/---
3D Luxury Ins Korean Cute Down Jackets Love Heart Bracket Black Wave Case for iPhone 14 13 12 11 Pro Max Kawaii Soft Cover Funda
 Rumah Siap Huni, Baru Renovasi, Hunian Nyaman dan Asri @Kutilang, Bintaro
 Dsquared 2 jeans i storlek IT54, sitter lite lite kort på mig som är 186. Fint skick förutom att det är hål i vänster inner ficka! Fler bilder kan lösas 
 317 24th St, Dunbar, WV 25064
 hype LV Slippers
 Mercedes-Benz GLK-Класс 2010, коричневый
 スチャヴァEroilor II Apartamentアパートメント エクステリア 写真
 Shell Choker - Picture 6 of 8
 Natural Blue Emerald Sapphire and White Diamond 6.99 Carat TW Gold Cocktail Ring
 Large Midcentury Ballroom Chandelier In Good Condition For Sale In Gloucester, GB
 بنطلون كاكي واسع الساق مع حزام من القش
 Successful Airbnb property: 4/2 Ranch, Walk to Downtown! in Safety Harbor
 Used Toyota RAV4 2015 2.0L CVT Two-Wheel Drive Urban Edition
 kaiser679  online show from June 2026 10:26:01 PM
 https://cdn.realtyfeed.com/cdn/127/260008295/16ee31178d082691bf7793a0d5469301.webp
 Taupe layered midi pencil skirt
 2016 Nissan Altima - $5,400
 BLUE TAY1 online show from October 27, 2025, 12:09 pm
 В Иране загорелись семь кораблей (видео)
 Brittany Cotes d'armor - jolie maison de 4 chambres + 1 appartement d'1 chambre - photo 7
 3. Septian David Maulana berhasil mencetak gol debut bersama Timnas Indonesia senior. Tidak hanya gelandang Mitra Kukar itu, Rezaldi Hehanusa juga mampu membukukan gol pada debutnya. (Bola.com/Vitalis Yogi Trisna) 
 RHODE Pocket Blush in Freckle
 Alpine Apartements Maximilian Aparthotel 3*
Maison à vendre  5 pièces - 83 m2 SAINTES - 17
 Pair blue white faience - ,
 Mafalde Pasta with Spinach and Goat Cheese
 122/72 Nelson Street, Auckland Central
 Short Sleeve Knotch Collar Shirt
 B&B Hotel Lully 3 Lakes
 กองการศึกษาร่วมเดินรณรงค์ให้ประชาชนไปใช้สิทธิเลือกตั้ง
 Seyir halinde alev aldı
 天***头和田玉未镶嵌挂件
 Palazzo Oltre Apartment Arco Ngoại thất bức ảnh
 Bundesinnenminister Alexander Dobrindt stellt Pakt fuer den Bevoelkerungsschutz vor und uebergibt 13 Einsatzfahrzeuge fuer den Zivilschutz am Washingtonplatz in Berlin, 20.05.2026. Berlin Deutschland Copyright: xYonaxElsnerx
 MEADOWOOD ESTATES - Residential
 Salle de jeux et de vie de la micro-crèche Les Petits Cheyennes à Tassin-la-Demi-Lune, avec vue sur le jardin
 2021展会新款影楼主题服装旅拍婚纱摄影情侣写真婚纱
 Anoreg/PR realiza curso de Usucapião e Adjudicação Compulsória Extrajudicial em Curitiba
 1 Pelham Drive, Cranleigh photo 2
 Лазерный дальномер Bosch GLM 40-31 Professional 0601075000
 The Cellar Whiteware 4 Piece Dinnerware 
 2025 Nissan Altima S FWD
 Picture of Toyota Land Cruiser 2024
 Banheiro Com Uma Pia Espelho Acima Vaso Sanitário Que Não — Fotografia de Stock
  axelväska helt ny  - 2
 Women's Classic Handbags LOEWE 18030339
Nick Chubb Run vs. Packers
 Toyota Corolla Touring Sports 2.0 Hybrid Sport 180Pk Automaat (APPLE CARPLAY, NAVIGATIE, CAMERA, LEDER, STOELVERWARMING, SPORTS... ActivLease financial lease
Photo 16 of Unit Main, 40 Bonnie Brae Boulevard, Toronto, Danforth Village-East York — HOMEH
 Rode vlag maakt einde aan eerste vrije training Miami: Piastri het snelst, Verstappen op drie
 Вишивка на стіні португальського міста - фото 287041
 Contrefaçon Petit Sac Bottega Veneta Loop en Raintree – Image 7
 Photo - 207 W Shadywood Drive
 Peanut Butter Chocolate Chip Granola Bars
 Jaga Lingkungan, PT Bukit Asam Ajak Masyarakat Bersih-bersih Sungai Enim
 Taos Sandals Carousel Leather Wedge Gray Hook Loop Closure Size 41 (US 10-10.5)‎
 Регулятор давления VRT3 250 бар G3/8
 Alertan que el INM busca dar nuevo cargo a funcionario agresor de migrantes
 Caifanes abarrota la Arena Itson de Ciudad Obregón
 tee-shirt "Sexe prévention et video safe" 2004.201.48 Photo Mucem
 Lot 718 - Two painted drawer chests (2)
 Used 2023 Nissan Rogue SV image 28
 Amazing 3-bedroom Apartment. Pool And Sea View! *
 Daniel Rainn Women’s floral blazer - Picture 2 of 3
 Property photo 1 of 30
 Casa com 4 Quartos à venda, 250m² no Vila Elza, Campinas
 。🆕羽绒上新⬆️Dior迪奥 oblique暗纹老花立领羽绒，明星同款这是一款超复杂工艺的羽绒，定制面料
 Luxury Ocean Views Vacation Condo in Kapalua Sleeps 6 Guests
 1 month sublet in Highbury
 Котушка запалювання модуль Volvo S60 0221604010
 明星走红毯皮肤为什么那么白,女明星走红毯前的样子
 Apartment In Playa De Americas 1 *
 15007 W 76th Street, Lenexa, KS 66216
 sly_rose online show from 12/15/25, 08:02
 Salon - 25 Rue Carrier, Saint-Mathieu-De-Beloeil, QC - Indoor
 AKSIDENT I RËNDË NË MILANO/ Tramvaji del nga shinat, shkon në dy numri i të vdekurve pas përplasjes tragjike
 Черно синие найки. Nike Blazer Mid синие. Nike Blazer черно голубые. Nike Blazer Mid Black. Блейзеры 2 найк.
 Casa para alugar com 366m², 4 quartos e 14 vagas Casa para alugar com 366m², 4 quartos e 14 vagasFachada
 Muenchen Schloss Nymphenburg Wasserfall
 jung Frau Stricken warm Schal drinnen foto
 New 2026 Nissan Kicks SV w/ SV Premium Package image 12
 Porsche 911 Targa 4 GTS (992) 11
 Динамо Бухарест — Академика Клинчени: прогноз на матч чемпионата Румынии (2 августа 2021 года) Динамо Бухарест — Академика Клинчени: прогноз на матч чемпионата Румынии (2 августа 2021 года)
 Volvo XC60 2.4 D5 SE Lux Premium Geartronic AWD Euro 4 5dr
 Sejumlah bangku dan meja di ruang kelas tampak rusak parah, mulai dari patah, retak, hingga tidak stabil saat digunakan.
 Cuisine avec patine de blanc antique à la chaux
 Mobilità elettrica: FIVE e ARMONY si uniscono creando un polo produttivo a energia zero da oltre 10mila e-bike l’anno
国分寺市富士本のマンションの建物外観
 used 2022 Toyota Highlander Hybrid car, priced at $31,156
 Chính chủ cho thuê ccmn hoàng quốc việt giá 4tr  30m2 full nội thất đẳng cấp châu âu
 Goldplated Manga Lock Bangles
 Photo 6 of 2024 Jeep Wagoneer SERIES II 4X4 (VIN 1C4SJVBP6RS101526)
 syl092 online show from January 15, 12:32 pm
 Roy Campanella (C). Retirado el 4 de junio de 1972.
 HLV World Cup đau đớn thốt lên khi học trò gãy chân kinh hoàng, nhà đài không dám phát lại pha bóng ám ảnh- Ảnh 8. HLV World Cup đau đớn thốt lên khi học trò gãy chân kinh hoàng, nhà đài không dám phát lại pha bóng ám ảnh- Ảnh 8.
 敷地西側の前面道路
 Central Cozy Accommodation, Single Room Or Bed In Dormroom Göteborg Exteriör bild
\---
**Task to carry out**
Take exactly the lines from the one containing "Caifanes abarrota la" through the one containing "Property photo 1 of 30" in the data above, and output them with nothing added.

**Task response**
 Caifanes abarrota la Arena Itson de Ciudad Obregón
 tee-shirt "Sexe prévention et video safe" 2004.201.48 Photo Mucem
 Lot 718 - Two painted drawer chests (2)
 Used 2023 Nissan Rogue SV image 28
 Amazing 3-bedroom Apartment. Pool And Sea View! *
 Daniel Rainn Women’s floral blazer - Picture 2 of 3
 Property photo 1 of 30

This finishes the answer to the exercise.